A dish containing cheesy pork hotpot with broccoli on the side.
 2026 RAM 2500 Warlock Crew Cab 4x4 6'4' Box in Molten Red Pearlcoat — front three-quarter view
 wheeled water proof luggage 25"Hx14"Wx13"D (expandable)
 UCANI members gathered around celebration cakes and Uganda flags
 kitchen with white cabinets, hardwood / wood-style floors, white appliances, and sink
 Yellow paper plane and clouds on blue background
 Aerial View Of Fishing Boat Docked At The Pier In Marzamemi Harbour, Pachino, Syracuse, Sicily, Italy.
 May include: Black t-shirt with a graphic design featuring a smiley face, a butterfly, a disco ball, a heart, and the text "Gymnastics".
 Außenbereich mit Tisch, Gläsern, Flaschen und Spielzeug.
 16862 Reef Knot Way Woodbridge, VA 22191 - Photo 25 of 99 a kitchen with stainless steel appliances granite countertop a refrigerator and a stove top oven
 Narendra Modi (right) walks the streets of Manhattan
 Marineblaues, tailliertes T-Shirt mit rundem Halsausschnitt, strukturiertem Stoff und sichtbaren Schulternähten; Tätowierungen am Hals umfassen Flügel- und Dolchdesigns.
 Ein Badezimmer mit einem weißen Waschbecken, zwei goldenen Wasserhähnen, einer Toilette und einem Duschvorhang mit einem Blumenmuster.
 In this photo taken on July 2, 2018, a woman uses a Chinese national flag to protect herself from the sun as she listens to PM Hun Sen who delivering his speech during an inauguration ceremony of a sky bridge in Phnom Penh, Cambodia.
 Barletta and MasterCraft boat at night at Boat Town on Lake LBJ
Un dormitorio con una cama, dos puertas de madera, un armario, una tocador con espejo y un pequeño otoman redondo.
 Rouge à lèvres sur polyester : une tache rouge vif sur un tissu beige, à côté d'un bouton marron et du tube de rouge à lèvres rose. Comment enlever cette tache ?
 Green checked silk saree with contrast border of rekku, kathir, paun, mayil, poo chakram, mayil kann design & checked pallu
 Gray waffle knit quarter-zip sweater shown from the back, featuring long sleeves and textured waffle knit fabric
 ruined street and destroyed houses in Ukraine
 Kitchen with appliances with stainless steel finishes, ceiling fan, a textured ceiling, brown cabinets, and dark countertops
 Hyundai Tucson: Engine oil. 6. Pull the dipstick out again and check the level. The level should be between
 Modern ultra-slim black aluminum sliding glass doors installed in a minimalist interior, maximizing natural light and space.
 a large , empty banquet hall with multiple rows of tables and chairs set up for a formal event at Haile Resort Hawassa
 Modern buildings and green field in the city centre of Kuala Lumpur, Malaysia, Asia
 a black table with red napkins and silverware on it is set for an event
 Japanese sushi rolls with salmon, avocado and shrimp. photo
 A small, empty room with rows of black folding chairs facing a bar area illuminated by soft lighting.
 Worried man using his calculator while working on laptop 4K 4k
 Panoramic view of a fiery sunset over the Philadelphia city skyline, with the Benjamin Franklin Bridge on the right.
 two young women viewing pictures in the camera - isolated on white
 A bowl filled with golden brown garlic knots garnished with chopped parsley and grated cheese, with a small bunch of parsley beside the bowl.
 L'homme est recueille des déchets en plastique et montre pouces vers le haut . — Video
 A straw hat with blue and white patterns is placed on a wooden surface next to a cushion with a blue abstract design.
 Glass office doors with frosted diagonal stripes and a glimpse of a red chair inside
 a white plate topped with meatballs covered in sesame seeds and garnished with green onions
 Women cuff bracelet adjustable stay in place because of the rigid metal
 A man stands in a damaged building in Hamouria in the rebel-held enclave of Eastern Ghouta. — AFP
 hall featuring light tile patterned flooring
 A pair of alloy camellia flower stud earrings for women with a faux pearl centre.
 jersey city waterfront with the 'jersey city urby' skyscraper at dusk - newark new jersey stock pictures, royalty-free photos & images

———

Task objective: Beginning with the line containing "Marineblaues, tailliertes T-Shirt" in the material above, copy every line exactly until you have copied the line containing "Ein Badezimmer mit".

Result below:
 Marineblaues, tailliertes T-Shirt mit rundem Halsausschnitt, strukturiertem Stoff und sichtbaren Schulternähten; Tätowierungen am Hals umfassen Flügel- und Dolchdesigns.
 Ein Badezimmer mit einem weißen Waschbecken, zwei goldenen Wasserhähnen, einer Toilette und einem Duschvorhang mit einem Blumenmuster.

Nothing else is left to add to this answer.